The 22-year-old went on to describe the situation on the 5th Brigade of Greater Tehran Penitentiary, the sprawling prison complex also otherwise known as Fashafuyeh. “We had only a blanket. No dishes, no personal items, no life. We tried to make it tolerable for ourselves; we procured a refrigerator and a television set.

“But as soon as we improved the situation there, they transferred us to the 2nd Brigade. They brought the financial prisoners to the 5th Brigade and handed over the space that we had prepared to them. Now we’re in the 2nd Brigade and it’s very dirty, full of bedbugs and beetles. We seem to have been forgotten.”

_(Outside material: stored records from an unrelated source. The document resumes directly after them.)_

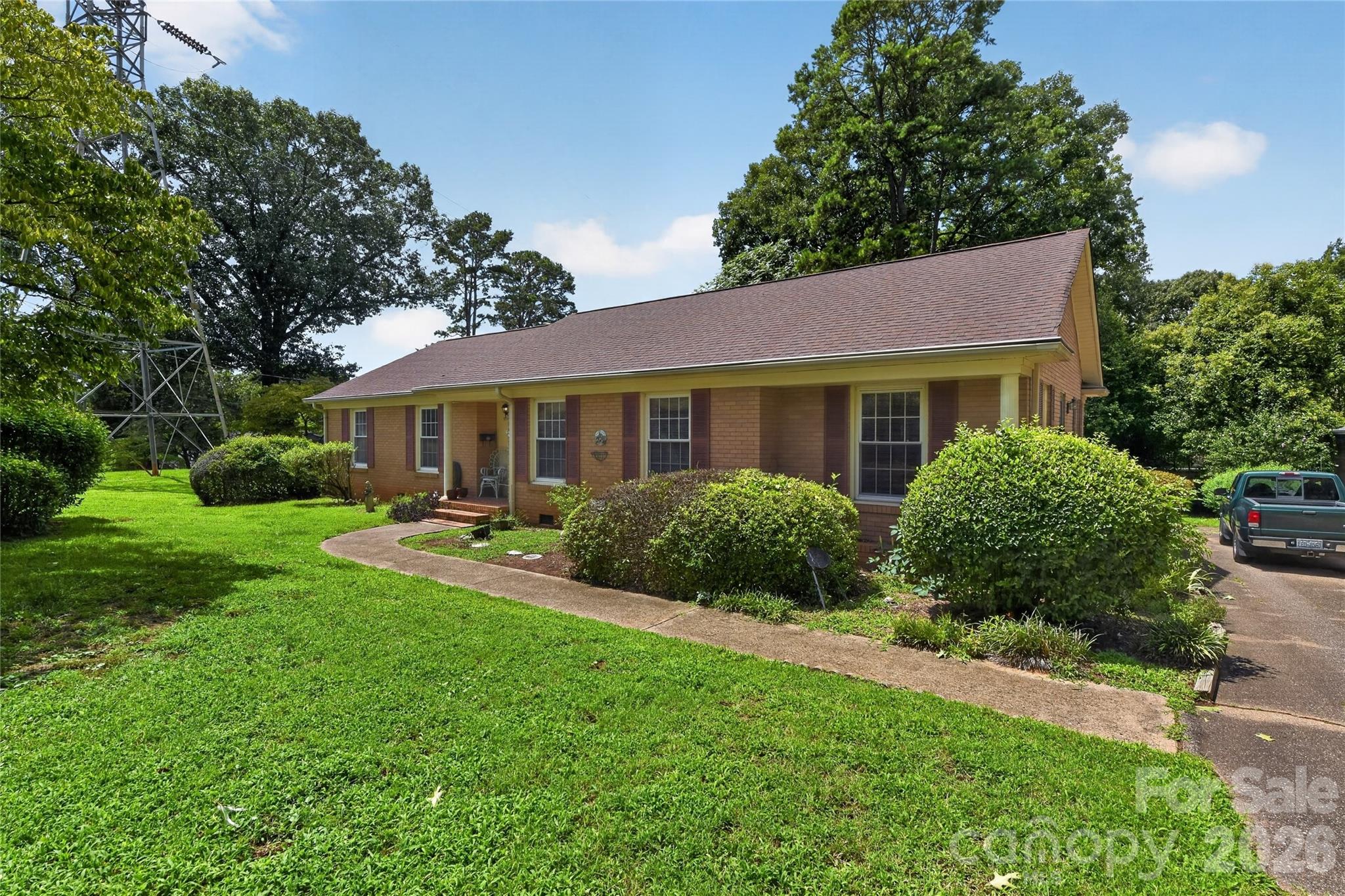 Welcome home to this classic, full-brick ranch nestled in Gastonia’s highly desirable Kingswood community! Featuring an ideal single-level layout, this beautifully maintained home offers 3 spacious bedrooms and 2 full bathrooms. The expansive floor plan boasts both a formal living room and formal dining room, plus a separate formal family room with fire place perfect for relaxed gatherings. Start your mornings sipping coffee on the charming front porch, or head out back to the private backyard with concrete patio—perfect for hosting weekend barbecues and enjoying outdoor relaxation. Combining timeless brick durability with a fantastic location near local dining, shopping, and major highways, this property is a rare find. Schedule your tour today!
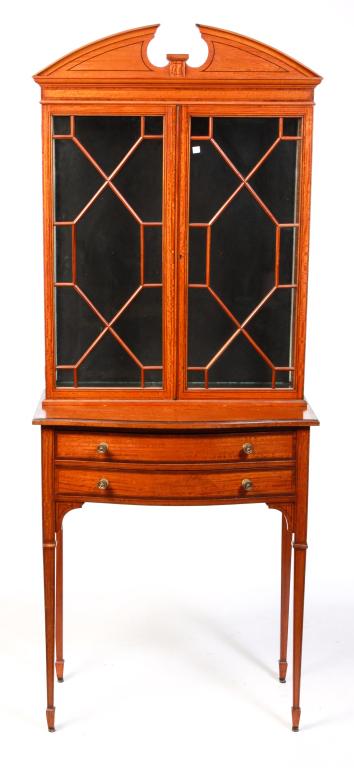 EUROPEAN HEPPLEWHITE STYLE CURIO CABINET.: First quarter 20th century, blond mahogany. Two piece with ebony, red mahogany line and banded inlay. Top with broken arch pediment, doors with geometric tracery and glass sides and shelves. Base with
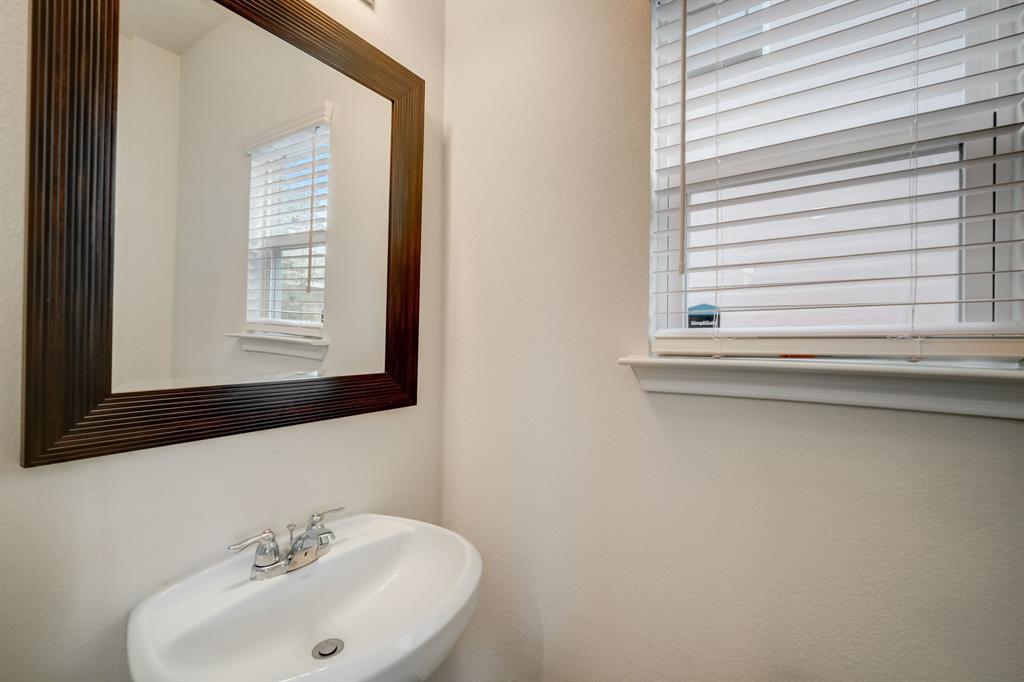 18002 Malnati Drive Pflugerville, TX 78660 - Photo 14 of 15 a bathroom with a sink and a mirror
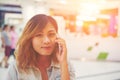 Beautiful young woman talking on the phone in the shopping mall. Royalty Free Stock Photo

Here, he says, it’s impossible for prisoners even to make a complaint or send a letter both due to the lack of administrative organization and the possibility of reprisal from prison guards. “I really don’t know what to say. We were very annoyed and our families are upset; this is not what we deserved."

It was only when he was briefly released on bail, he says, that he realised his spine had been broken at Gisha. “I went to the doctor and they found my lower back was swollen; it protruded by about an inch and a half. The joint fluid between the two vertebrae is gone and two bones are now fused together, at the age of 22.

“The doctor said ‘Don’t walk uphill, don’t walk, don’t exercise.’ He said even then, my back may never heal. The person who did this to me was two meters tall and weighed about 140 kilograms. He beat me with a shoe that had a buckle on. I can’t sleep now because of the pain. They punched and kicked, my whole face exploded and then it got better, but the pain in my back remained with me.”

All this happened, he said, during the first five days of detention. “We were stripped naked in solitary confinement in the cold. There was no treatment. I was just beaten and tortured."

In November 2019 a wave of popular uprisings took place across Iran, sparked by a threefold hike in gasoline prices and turning to calls for all-out regime change after security forces brutally suppressed the early demonstrations.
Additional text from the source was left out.